Damien stays in 925 for an hour, not speaking to the other patrons, and quietly nursing his beer in the knowledge that Sarah was right - they can't really afford too many right now. She was a French teacher, although out of work right now, and his perfectionistic leaning had led to a job at the bank on Main Street. It had been a wonderful building in its day, white columns and imposing, but now it was being renovated, like most of the city. "It's the twenty-first century now, can't stay in the past forever," or so the council kept saying. By the time that the clock ticks over to seven pm, Damien's bad mood has evaporated, despite the rising wind and dropping temperature outside.

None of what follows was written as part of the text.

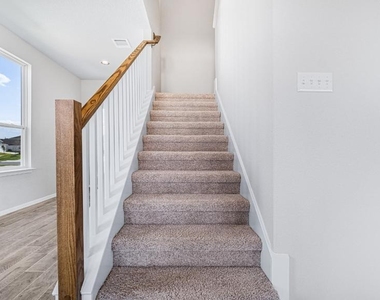 208 Stein Rd - Photo Thumbnail 9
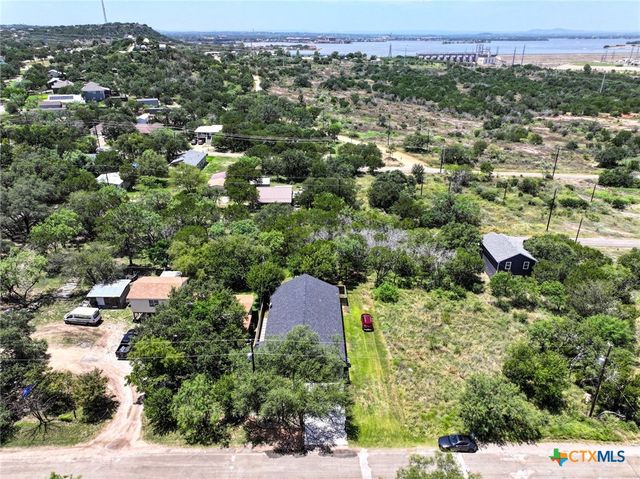 638 Oak Lane, Cottonwood Shores, TX 78657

Catching Big John's eye and tipping his head in a nod of thanks, Damien slid off the barstool, wishing that he had taken a jersey with him. Stepping back out into the pewter-skied evening, Damien suppressed an anticipatory shiver as dead leaves blew around him in eddies. Storm's a-comin'. Even though he had told her not to wait up, assuming that he would be back late, Damien decided to return to Sarah, to tell her the truth about the money, about how the small debts he had created everywhere kept adding up. 925 being no exception. Shoving his hands deep into his pockets once more, Damien tucked his chin down into his collar, trying to trap what little warmth his body had created, and swept along the pavement in a long-legged stride. Past the bank where he worked, and an old delicatessen nearby... past clothing stores, cafés and restaurants. Home. To Sun Vista. To Sarah.
She sat at the kitchen table, elbows pressed against the wood, hands pressing into her closed eyes. Sarah didn't want to look around her, at the depressing sight of the home that she and Damien had forged in this part of town. Oh Damien, why? I don't understand. They were so different, maybe this whole thing had been one big mistake...
Click.
Sarah didn't look up as the door moved, nor when gentle fingers trailed across her drooped shoulders. It was only when they continued on their path, finishing under her chin and tilting her head up, that she opened her eyes. He's back. "Sarah..." For once, Damien's usual eloquence failed him. He wasn't very good at apologising, didn't do it very often. "Listen. I'm sorry..." He glanced away, buying time to think, and took the seat opposite her, catching her hands in his own. A pair of brown eyes and a pair of grey eyes, magnetically pulled towards each other. Sarah didn't try to pull away, and nor did Damien. "No, I understand," she replied softly, pressing her smaller fingers against his palm. "It's just- I can't handle this place much longer. And I need something to do during the day. I can't stand living here, the bubblegum blue walls, knowing the private lives of the neighbours through sound." She indicated a hole in the wall near the door, one that almost went the whole way through. "I'm sorry," she finished weakly, knowing she sounded like a child. She wanted to work, to contribute, but she hadn't yet found a position, and they had only just moved here. Damien's job was a starter salary, barely enough to cover the rent and necessities of the week. "No, no, don't apologise. I'm the one who's sorry," Damien replied, a wry smile flickering to life on his lips. How very like you, Sarah. The woman on the other side of the table gave a watery laugh, then stood to begin cooking.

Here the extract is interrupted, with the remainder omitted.